Chris Villarrial (born June 9, 1973) is an American college football coach and former professional player. He is the head football coach for Saint Francis University in Loretto, Pennsylvania, a position he has held since 2010. He played professionally as an offensive guard with the Chicago Bears and Buffalo Bills in the National Football League (NFL) for 11 seasons. He played college football at Indiana University of Pennsylvania (IUP).

==College career==
After redshirting his first year at IUP, Villarrial began his college career as a reserve nose guard until moving to offensive right tackle midway through his freshman season. While playing for IUP, Villarrial was a three-year All-American and three-year all-conference player. He played in the 1993 Division II national championship game, and received the Jim Langer Award for Best Lineman in Division II in 1996. Villarrial had his college jersey No. 75 retired by IUP.

==Professional career==
Villarrial was drafted in the fifth round (152nd overall) by Dave Wannstedt in April 1996. Prior to the draft, Villarrial broke the NFL Combine Bench Press Record. As a member of the Chicago Bears from to 1996 to 2003, Villarrial played six seasons under head coach Dick Jauron and was a two-year All-Pro player in addition to being named to the All-Joe Team. He paved the way for a 1,000-yard rusher every season, blocked for Anthony Thomas, who was the NFL Offensive Rookie of the Year in 2001, and was a member of an offensive line that gave up the fewest sacks in the NFL in 2001, when the Bears advanced to the NFC Divisional Playoff Game. He also received the Golden Bear Award, which was given to the rookie who has perfect attendance in the weight room.

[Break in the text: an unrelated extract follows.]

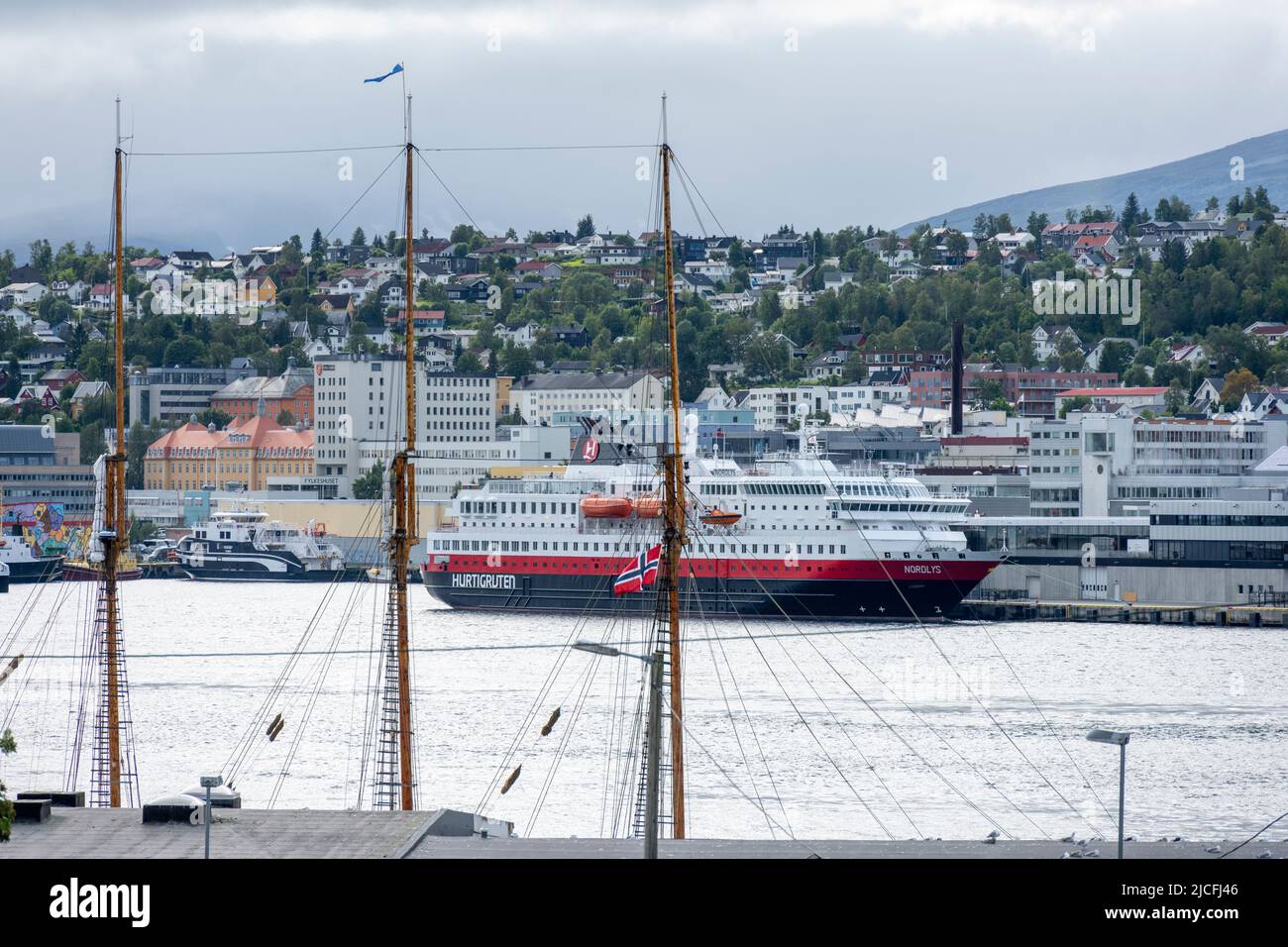 Norway, Troms og Finnmark, Tromsø, Hurtigruten mailboat 'Nordlys' in port. Stock Photo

In 2004, the Chicago Bears decided not to renew Villarrial’s contract and he was signed by the Buffalo Bills with head coach Mike Mularkey. Despite not starting, he was a member of an offensive line that gave up the fewest sacks in franchise history. Villarrial, who also played two seasons in Buffalo under coach Jauron, finished his NFL career with 148 starts.

==Coaching career==
Following his professional career, Villarrial returned to Ebensburg, Pennsylvania, where he served two seasons as the offensive coordinator for the Central Cambria High School football team. He led the team to two district title games, and personally helped 13 players continue their playing careers at the collegiate level, while developing and implementing a successful strength and conditioning program.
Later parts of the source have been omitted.